この記事の要点
- Claude Interactive Charts & Diagramsは2026年3月12日にベータ公開。HTML+SVGで「動くチャート」をチャット内に直接描く機能です。
- Claudeのビジュアル系には3兄弟(Charts & Diagrams/Artifacts/Live Artifacts)があり、棲み分けが混乱しやすい領域。表で整理します。
- ChatGPTとの差は「画面を分けるか/会話に溶かすか」という設計思想の違い。この角度で読むと選び方が見える。

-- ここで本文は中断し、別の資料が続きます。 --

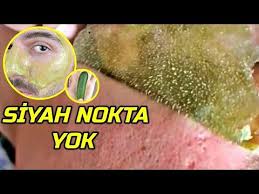 Salataligin Icine Bunu Koyun Inanilmaz Sonuc Siyah Nokta Yok Edici Maske Guzellik Bakim Youtube Siyah Noktalar Dogal Cilt Bakimi Guzellik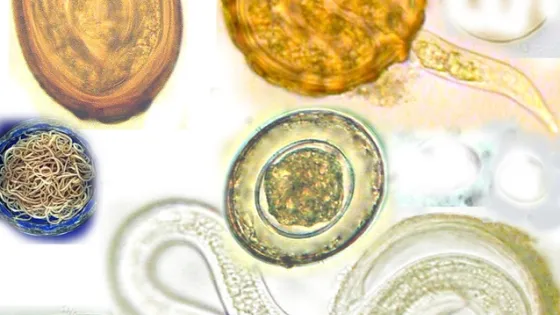 A collage of various microscopic images depicting different parasitic eggs and worms.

資料用のチャートを毎週作り直している営業・企画・マーケの人間にとって、
Claude Interactive Charts & Diagramsは時短の候補として無視できない機能だ。
2026年3月12日のベータ公開から約1ヶ月、
Hacker Newsでは200件超のコメントが付き、
公式は「会話の流れに溶け込む一時的なビジュアル」と位置づけている。
Excelで15分かかる棒グラフが、
会話1往復で動くHTMLとして返ってくる——この体験価値が、
なぜClaudeだけこの形なのかを掘ると、
設計思想の違いが見えてくる。
ただ、
ここには罠もある。
Charts & DiagramsとArtifacts、
そして4月21日に発表されたLive Artifactsが全部「ビジュアルを作る機能」として並び、
棲み分けがほぼ整理されていない。
加えて、
既存の日本語記事で「モバイル全部対応」と書かれている情報も、
厳密には不正確です。
順に整理します。
Claude Interactive Charts & Diagramsとは何か
Anthropic公式ブログの説明をそのまま借りると、こうです。
Claude builds them to aid users' understanding as it's discussing the topic at hand. They appear in-line, rather than in a side panel, and they're temporary.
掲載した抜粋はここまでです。